Starboard has been alerted to another application of the Vinmar decision by the courts; this time in the area of arbitration agreements and insolvency proceedings.

In BWF v. BWG [2019] SGHC 81, the Singapore High Court dealt with a case where two parties concluded a contract for the sale and purchase of crude oil. The buyer did not pay the seller’s invoice and informed the seller that it was entitled to various defences under the contract, which also provided that disputes between the parties should be referred to arbitration. In response, the seller served a formal demand for payment of the invoices, default of which would lead to commencement of bankruptcy/winding up proceedings against the buyer.

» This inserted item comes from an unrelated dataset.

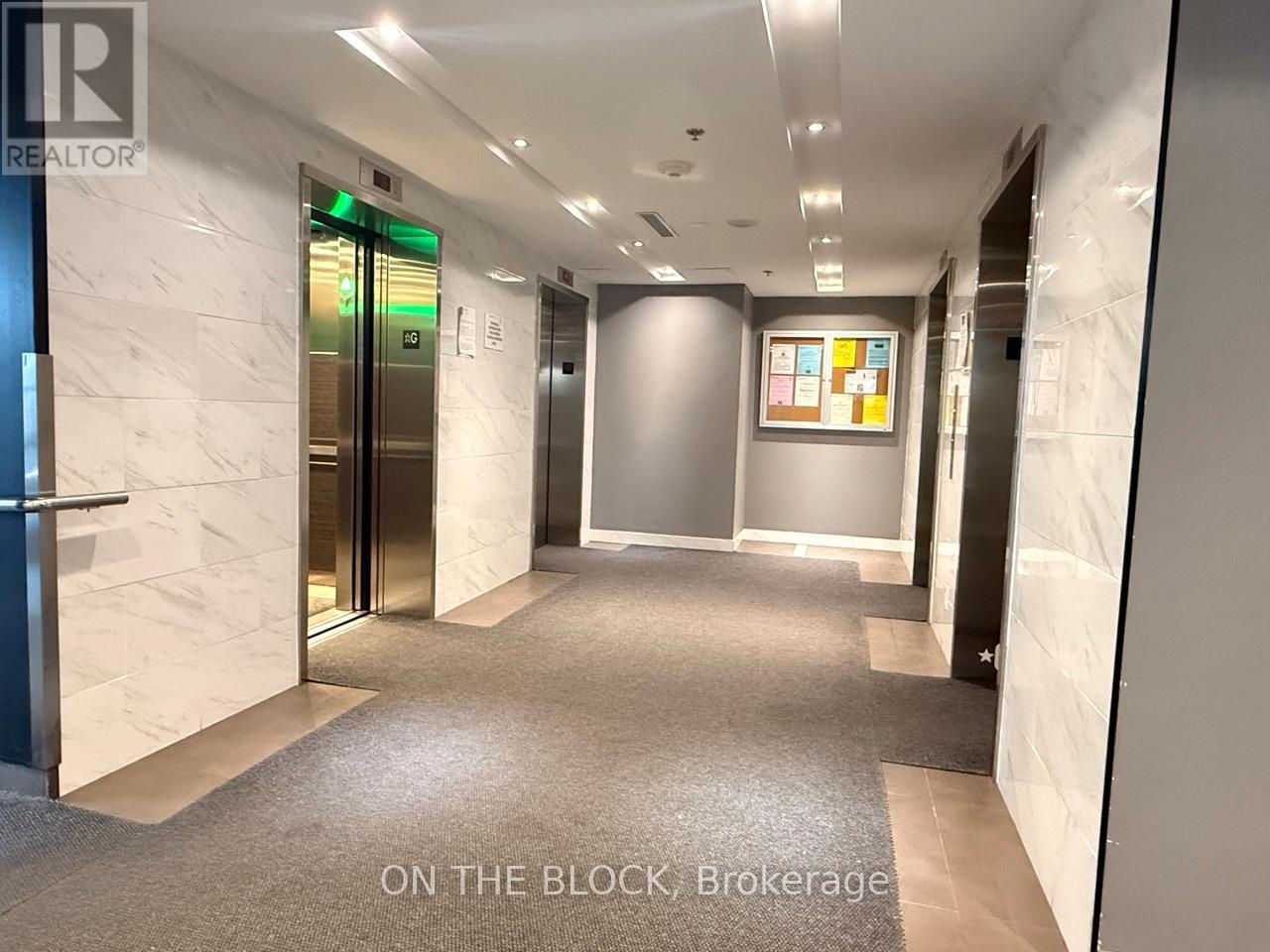 302 - 38 Joe Shuster Way, Toronto, Ontario  M6K 0A5 - Photo 18 - W12519842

The buyer applied to the Singapore High Court to restrain the seller from commencing bankruptcy proceedings, contending that the contract obliged the parties to proceed to arbitration to resolve their dispute and that the seller was not allowed to resort immediately to bankruptcy proceedings. The question for the Singapore High Court was whether the relevant test to apply in considering whether to restrain bankruptcy proceedings was the existence of a “bona fide prima facie dispute” or the existence of a “triable issue”. If it was the existence of a “bona fide prima facie dispute”, all that the court would consider is whether there appeared at face value a dispute in good faith. The court would not consider the merits of the case. If it was the existence of a “triable issue” the court would consider the merits of the case and decide if there was something worth referring to arbitration.

The Singapore High Court decided that the applicable test was the existence of a “bona fide prima facie dispute”. It reasoned that the test of the existence of a “triable issue” applied to situations generally where a party applied to restrain another party from bringing bankruptcy proceedings on the ground of a disputed debt. This was to ensure that winding up was not staved off on flimsy or tenuous grounds. However, where there exists an arbitration agreement between the parties and the debt is disputed, the objective of ensuring that winding up was not staved off on flimsy grounds was less pressing. In such situations, the countervailing concern is to hold parties to their agreement to arbitrate their disputes. So long as the court saw that a dispute was raised in good faith, and it could not be said that the party applying to restrain the other party had admitted the debt, that would be sufficient ground on which a court would restrained a party from commencing or continuing bankruptcy proceedings. The court would not enquire into or evaluate the merits of the case and whether there was something serious that deserved arbitration.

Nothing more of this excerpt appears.